■ **PROBLEM STATEMENT**:
Given the entries below, would you transcribe exactly the lines starting at the one with "Girls Flower Clear" and ending at the one with "Vintage White Mountain", both kept, pictures omitted, nothing extra?

■ **DATA PROVIDED**:
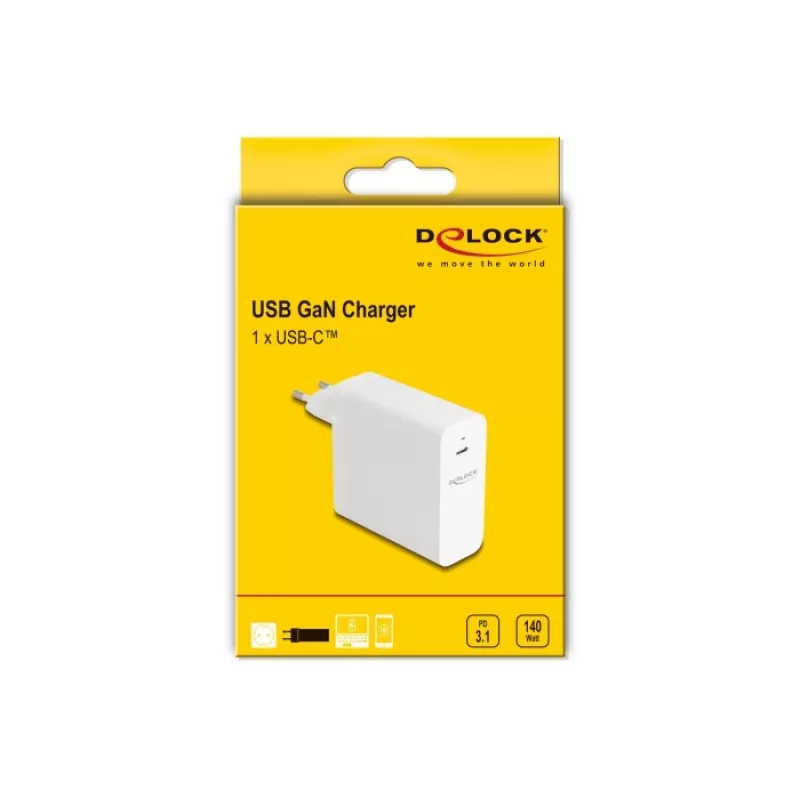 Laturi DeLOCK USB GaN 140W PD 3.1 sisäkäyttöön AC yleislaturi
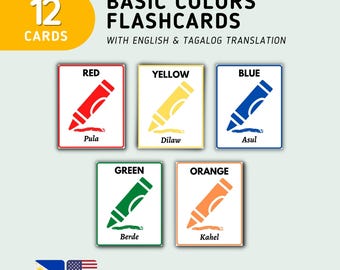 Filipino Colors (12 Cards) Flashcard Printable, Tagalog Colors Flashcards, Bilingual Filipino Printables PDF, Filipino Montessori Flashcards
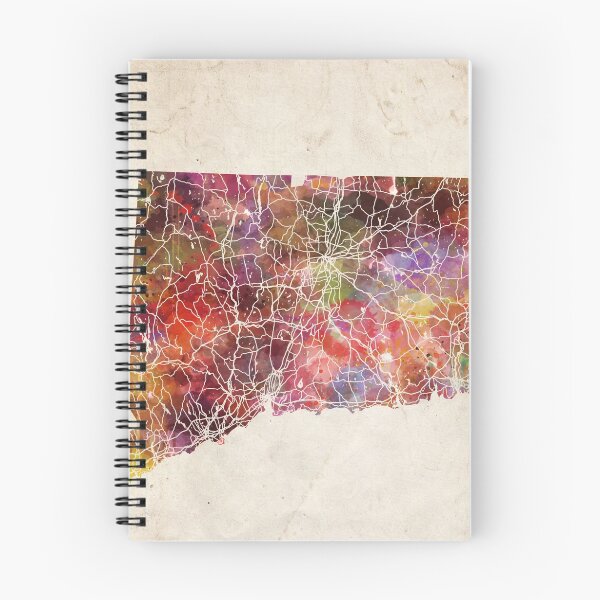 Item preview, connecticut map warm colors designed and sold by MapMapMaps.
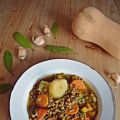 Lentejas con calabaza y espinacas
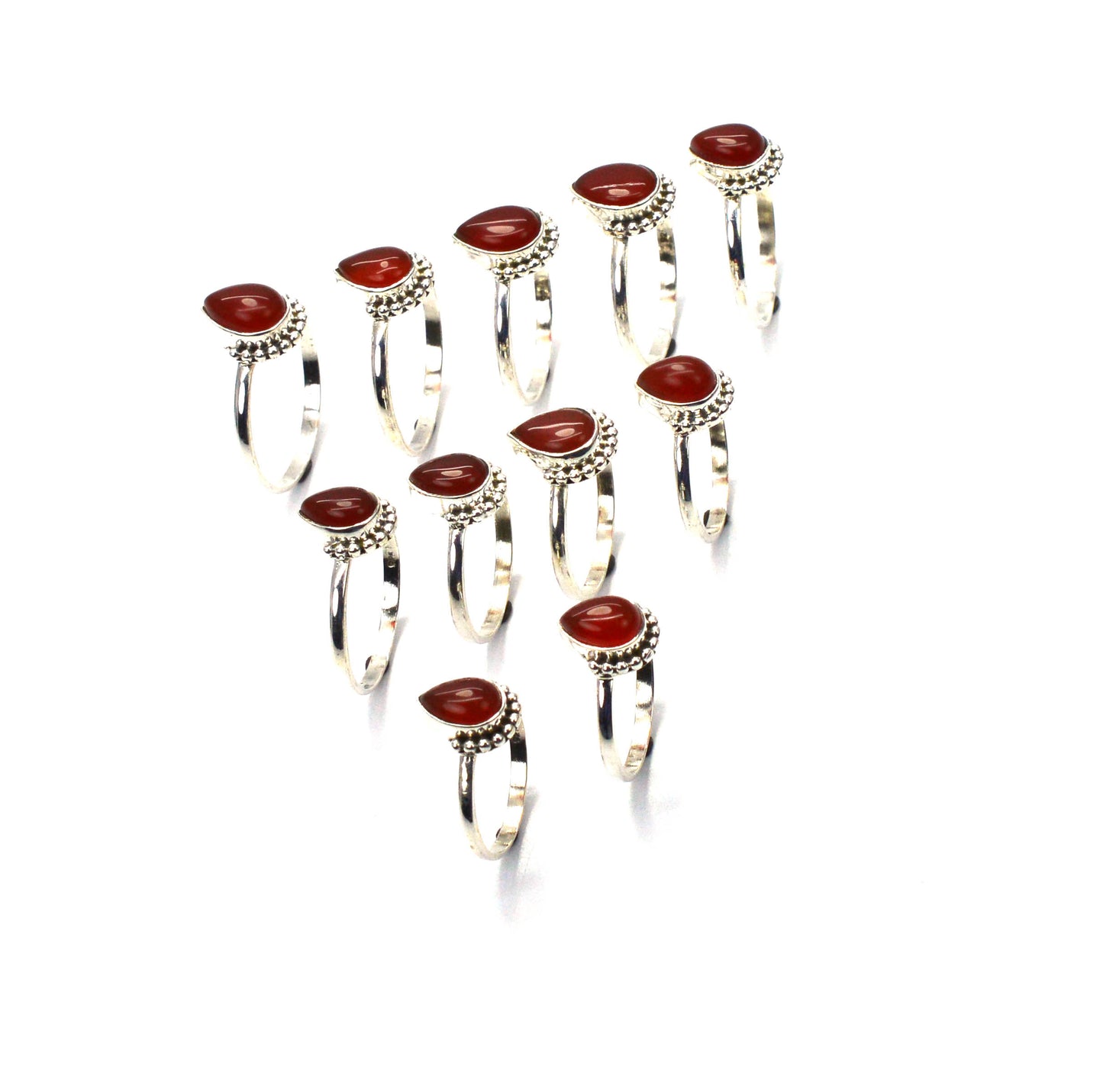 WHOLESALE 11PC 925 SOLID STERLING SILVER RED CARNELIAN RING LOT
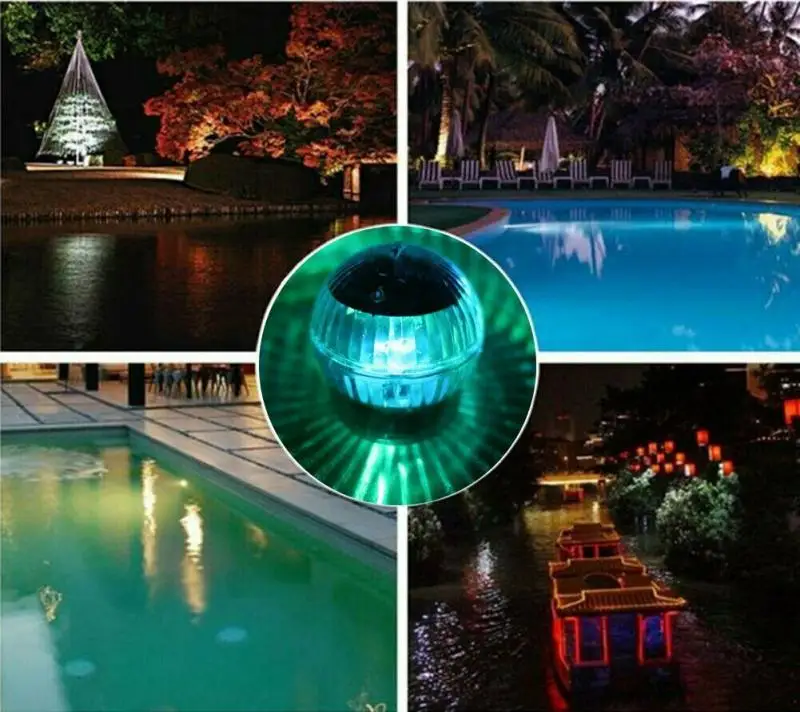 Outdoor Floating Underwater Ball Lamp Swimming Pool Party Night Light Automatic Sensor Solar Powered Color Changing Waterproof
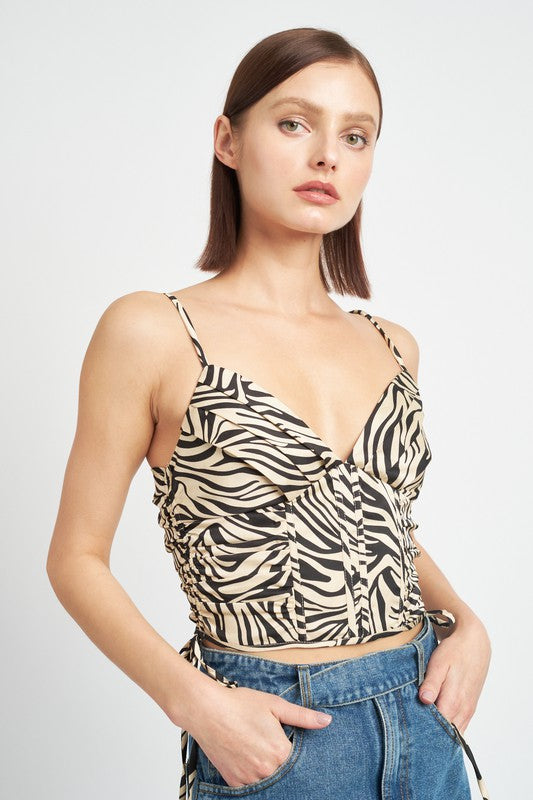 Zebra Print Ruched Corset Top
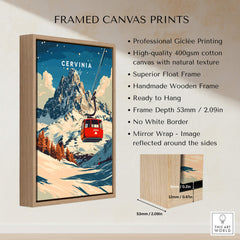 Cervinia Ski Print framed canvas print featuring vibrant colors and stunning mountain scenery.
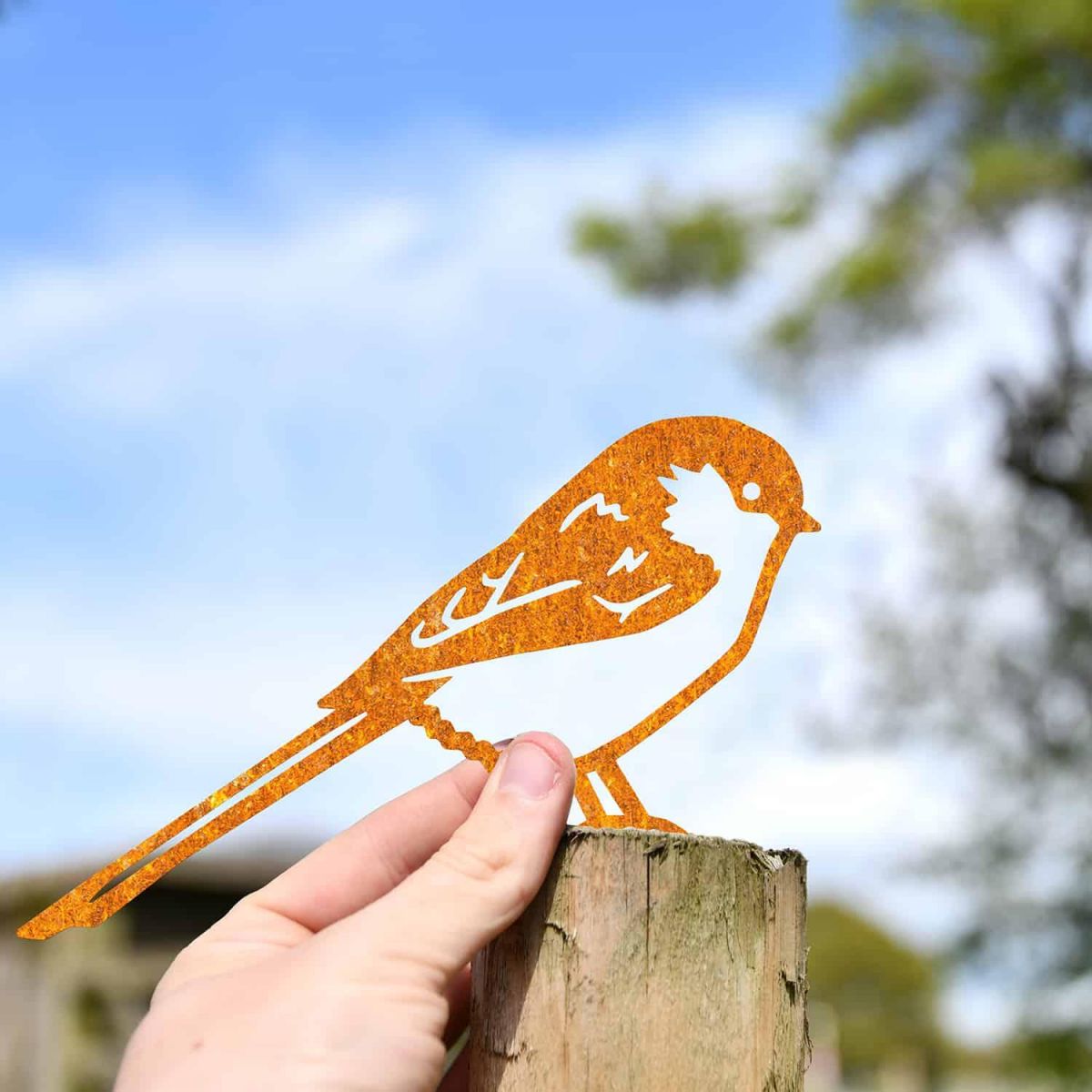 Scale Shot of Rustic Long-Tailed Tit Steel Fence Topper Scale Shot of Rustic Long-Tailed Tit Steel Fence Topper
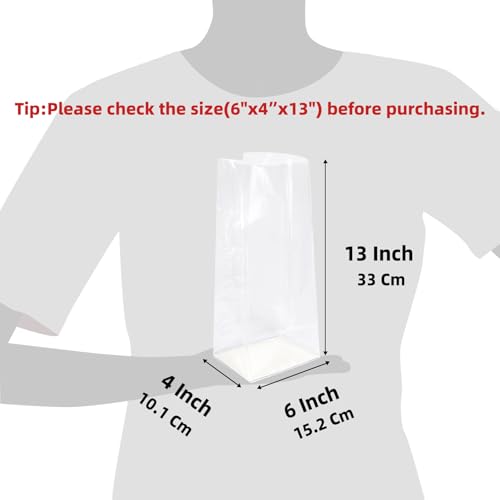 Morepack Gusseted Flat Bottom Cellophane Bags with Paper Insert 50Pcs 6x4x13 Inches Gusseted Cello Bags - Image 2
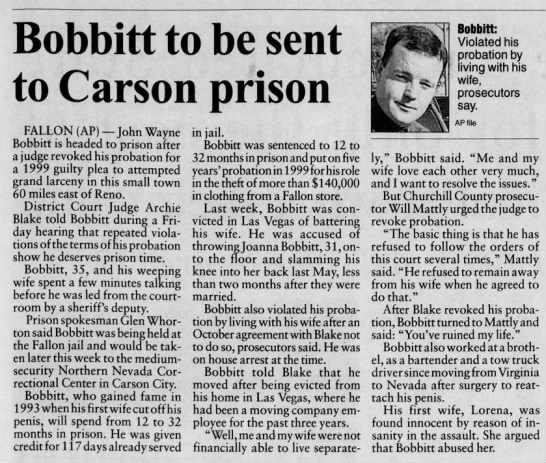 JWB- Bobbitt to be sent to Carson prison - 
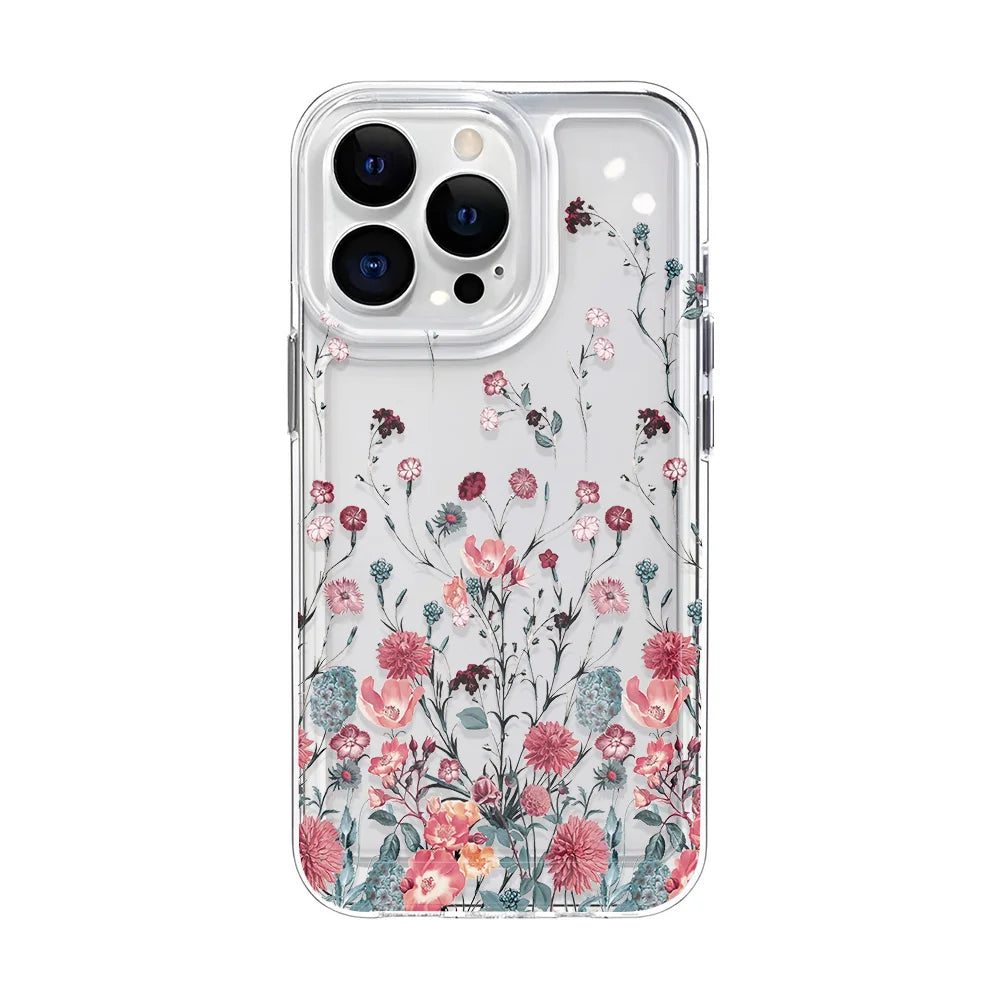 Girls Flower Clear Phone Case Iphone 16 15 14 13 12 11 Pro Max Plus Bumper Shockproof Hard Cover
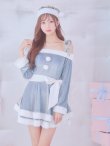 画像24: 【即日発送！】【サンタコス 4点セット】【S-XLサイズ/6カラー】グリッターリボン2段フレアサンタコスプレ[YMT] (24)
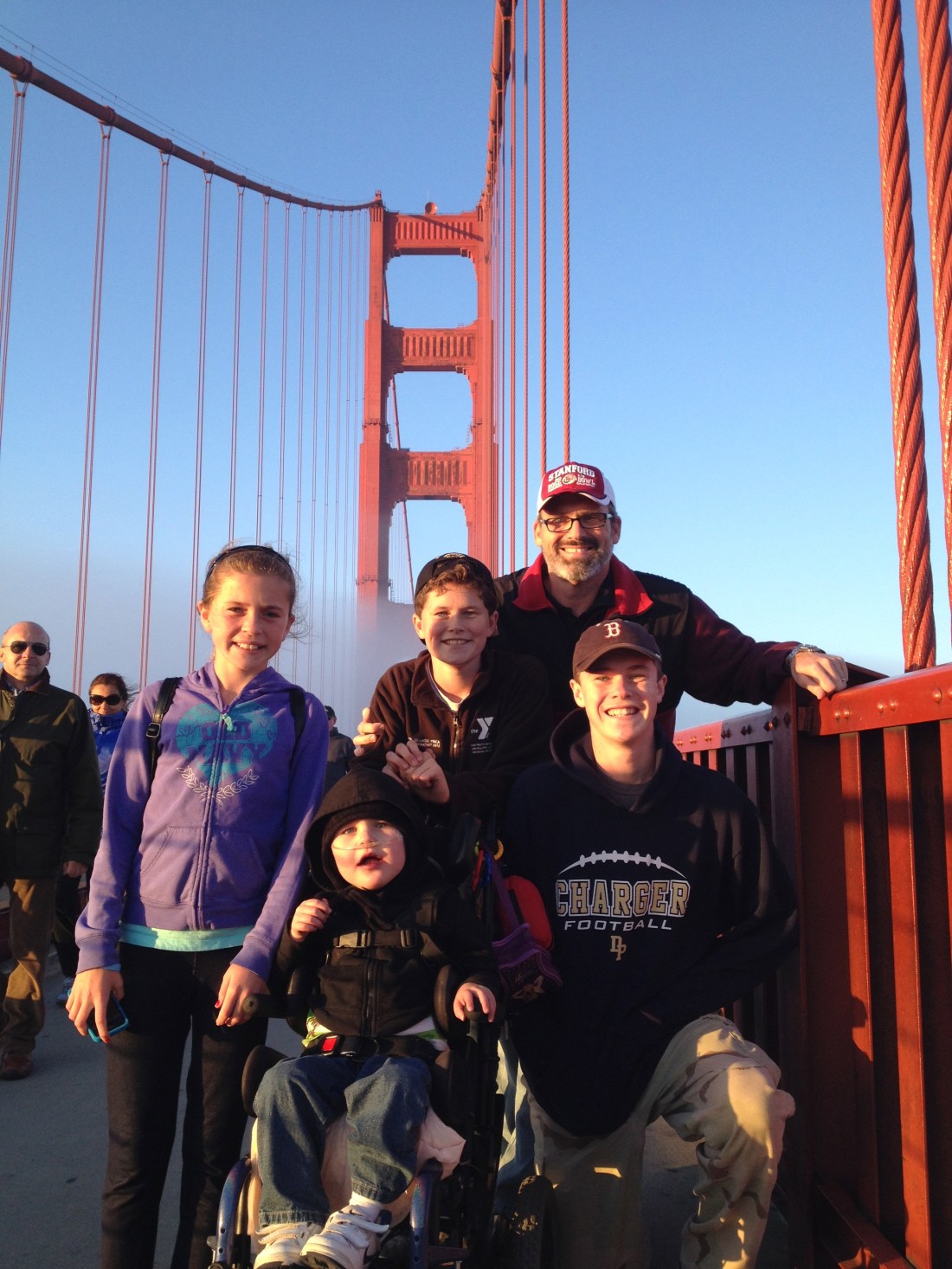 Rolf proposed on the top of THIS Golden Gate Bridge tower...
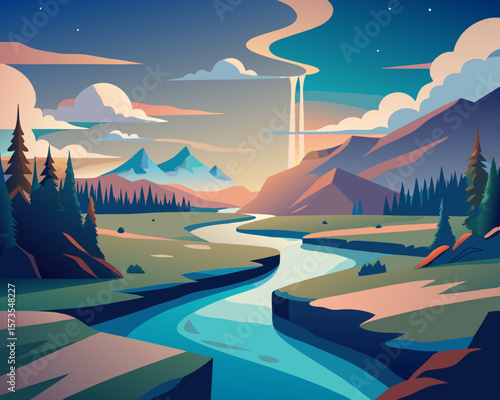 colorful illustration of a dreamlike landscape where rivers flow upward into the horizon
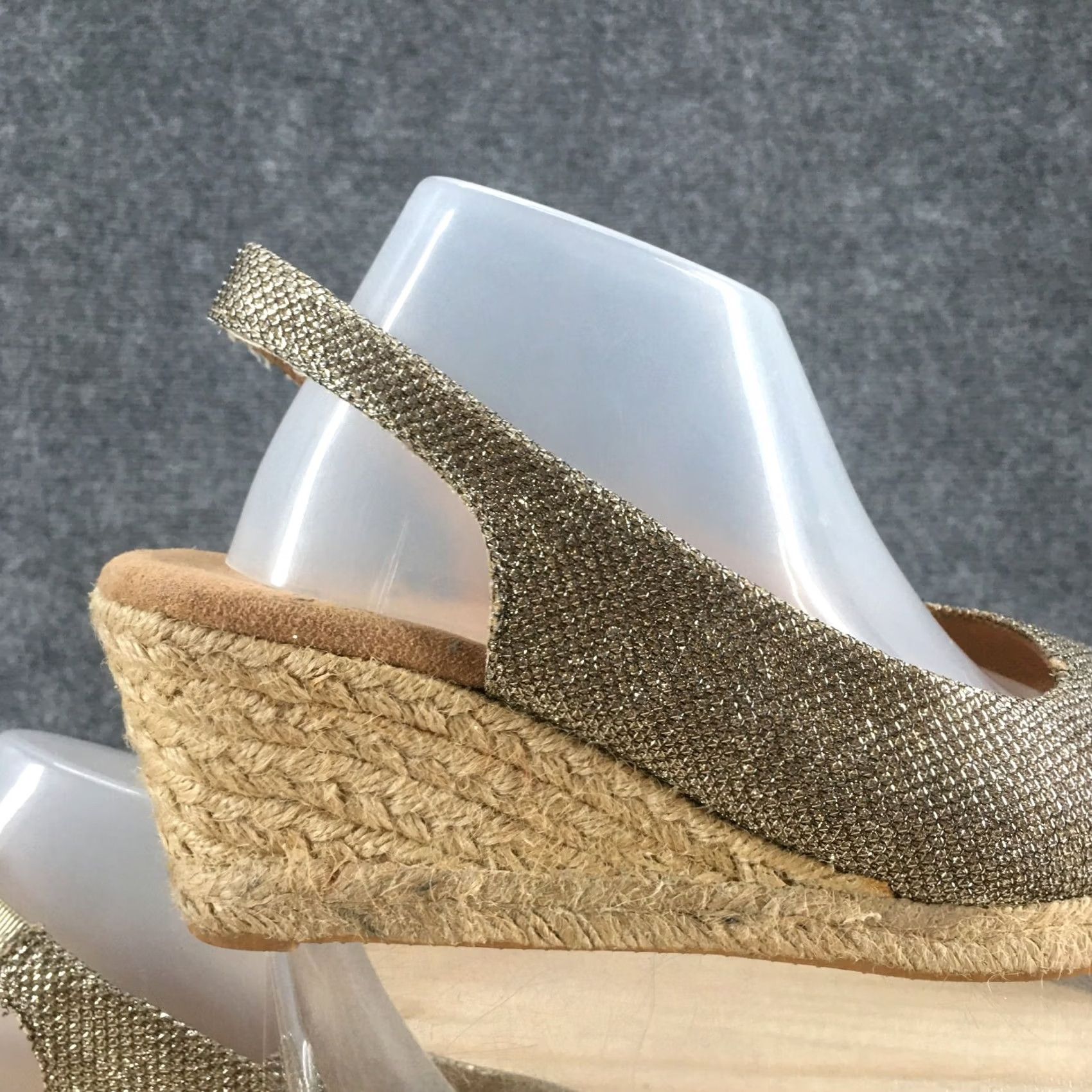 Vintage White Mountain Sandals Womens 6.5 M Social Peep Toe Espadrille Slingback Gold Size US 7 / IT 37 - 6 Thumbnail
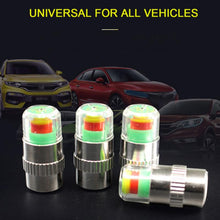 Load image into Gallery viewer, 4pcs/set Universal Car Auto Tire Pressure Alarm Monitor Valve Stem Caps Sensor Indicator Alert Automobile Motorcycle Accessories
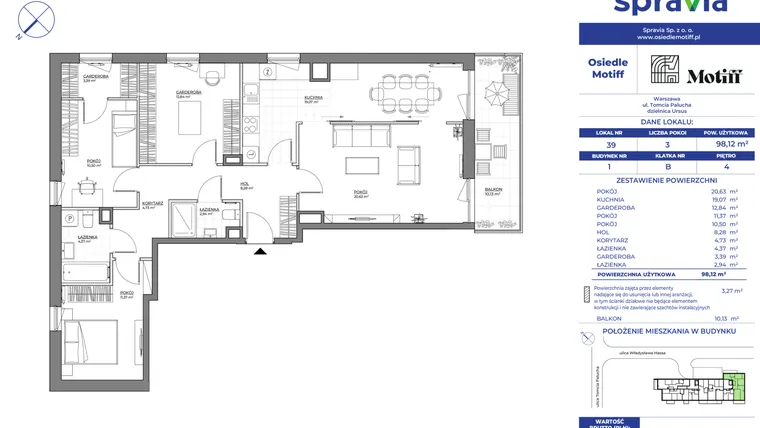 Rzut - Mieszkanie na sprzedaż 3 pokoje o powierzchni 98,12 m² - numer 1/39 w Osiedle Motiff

■ **WRITTEN ANSWER**:
 Girls Flower Clear Phone Case Iphone 16 15 14 13 12 11 Pro Max Plus Bumper Shockproof Hard Cover
 画像24: 【即日発送！】【サンタコス 4点セット】【S-XLサイズ/6カラー】グリッターリボン2段フレアサンタコスプレ[YMT] (24)
 Rolf proposed on the top of THIS Golden Gate Bridge tower...
 colorful illustration of a dreamlike landscape where rivers flow upward into the horizon
 Vintage White Mountain Sandals Womens 6.5 M Social Peep Toe Espadrille Slingback Gold Size US 7 / IT 37 - 6 Thumbnail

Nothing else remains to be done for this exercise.